Under this measure, the profit reinvested in the acquisition / production of equipment and machinery may be exempted from corporate income tax. By "reinvested profit", the law refers to the accounting profit of the period (cumulated from the beginning of the year up) when a new investment is undertaken. In other words, the exemption does not apply to retained earnings, but only to current profits. This approach is somewhat contrary to basic investment principles, where investments are made from funds earned in the past.
The benefits of the exemption are countered by an adverse requirement: the fiscal value of the assets purchased / manufactured has to be decreased with the value of the accounting profit considered to have been invested in those assets. In practice, this means that the tax deductible depreciation charges allowed over the useful lives of the assets will be lower or even nil (if the full value of the investment is covered by current profits), thus increasing the taxable profits of future periods. Overall, this tax incentive will therefore result merely in a cash-flow benefit, as the so-called exemption granted at the time of the investment is netted off by the increase in tax liabilities over the useful life of the assets acquired.

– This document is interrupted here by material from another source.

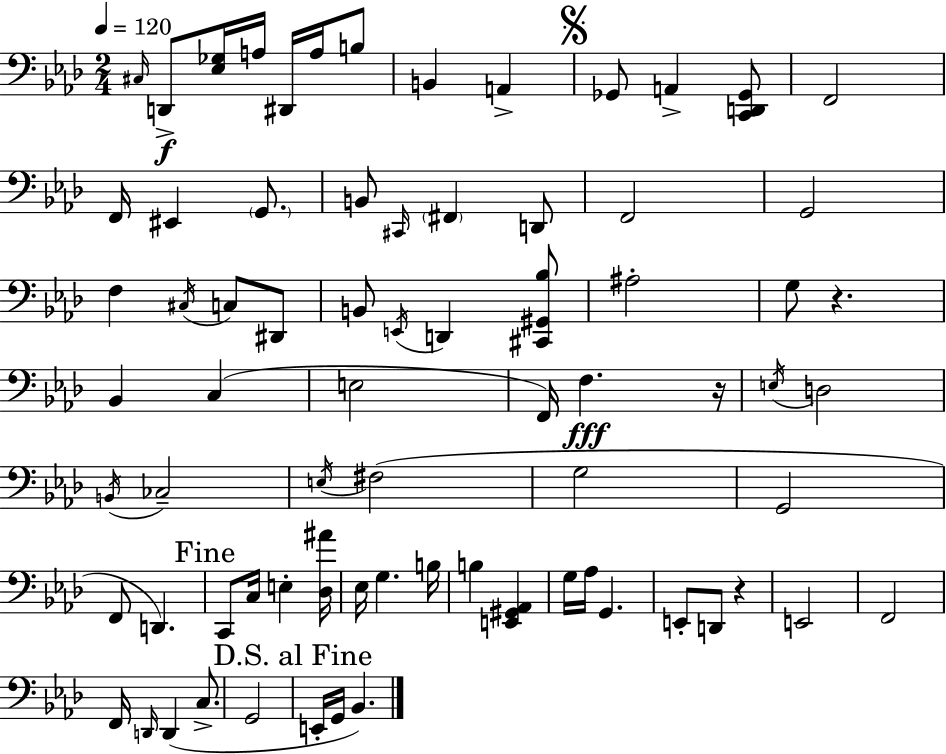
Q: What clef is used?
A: bass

Another constraint in applying this tax incentive is an obligation to keep the assets acquired for at least half of their useful life. Otherwise, if the fixed assets are sold before this term, the taxpayer would owe the corporate income tax previously exempted (at 16%), plus late payment interest (at 0.1% per day of delay, counted from the date when the exemption was applied).

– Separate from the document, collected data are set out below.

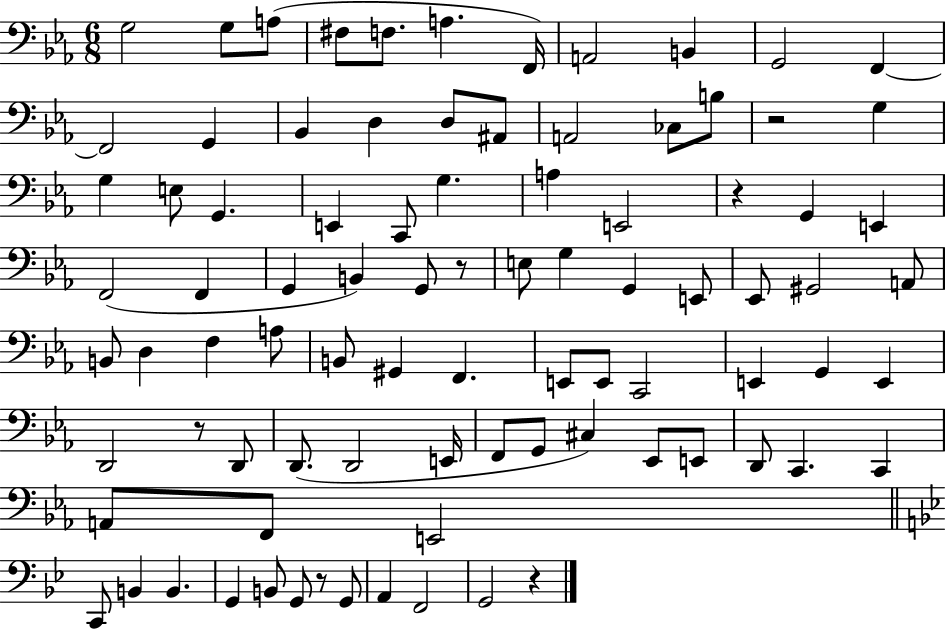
{
  \clef bass
  \numericTimeSignature
  \time 6/8
  \key ees \major
  g2 g8 a8( | fis8 f8. a4. f,16) | a,2 b,4 | g,2 f,4~~ | \break f,2 g,4 | bes,4 d4 d8 ais,8 | a,2 ces8 b8 | r2 g4 | \break g4 e8 g,4. | e,4 c,8 g4. | a4 e,2 | r4 g,4 e,4 | \break f,2( f,4 | g,4 b,4) g,8 r8 | e8 g4 g,4 e,8 | ees,8 gis,2 a,8 | \break b,8 d4 f4 a8 | b,8 gis,4 f,4. | e,8 e,8 c,2 | e,4 g,4 e,4 | \break d,2 r8 d,8 | d,8.( d,2 e,16 | f,8 g,8 cis4) ees,8 e,8 | d,8 c,4. c,4 | \break a,8 f,8 e,2 | \bar "||" \break \key bes \major c,8 b,4 b,4. | g,4 b,8 g,8 r8 g,8 | a,4 f,2 | g,2 r4 | \break \bar "|."
}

Another obligation imposed if applying this incentive is to allocate the exempted profit to a reserve, thus diminishing correspondingly the amount of profits available for dividend distributions. In other words, profit is exempted from tax but at the same time access to it is restricted. Moreover, the law does not mention any time limit for maintaining this reserve, which could be interpreted as a requirement to keep the reserve indefinitely.
Although no specific provisions are given as to the treatment of the above mentioned reserve if used anytime before or after completion of the minimum holding period of the assets, there is a general provision under the Romanian law dealing with reserves from tax incentives, which requires retroactive calculation of corporate income tax liabilities if reserves are used to cover losses or increase share capital. This means that late payment interest also accrues since the date of applying the incentive. Should this general treatment apply to the reserve in question as well, irrespective whether used up before or after the minimum investment holding period lapses, this would make the application of the incentive much more expensive than paying the tax in the first place.
The corporate income tax exemption for reinvested profit provides merely a cash-flow advantage by granting a tax relief at present while concomitantly increasing the tax base over the useful life of the assets acquired. The tax treatment of the reserve that needs to be created if using this tax incentive is not fully clear at this stage, thus leading to a potential risk of overall higher taxation if this reserve is eventually used up.
Under these circumstances, companies should analyse, in the context of their own business needs, whether the cash-flow advantage provided under this incentive is valuable enough to be worth running the risk of higher taxation at a later point. A prudent approach may be to wait until further clarification (if any) on the treatment of the incentive reserve issued by the tax authorities and apply the incentive only afterwards, if it proves to be favourable to the company. Of course, such a prudent approach may not be an option for companies undergoing cash flow difficulties, as this would mean tax is paid in full at the beginning and reduced with the amount of the incentive only at a later stage.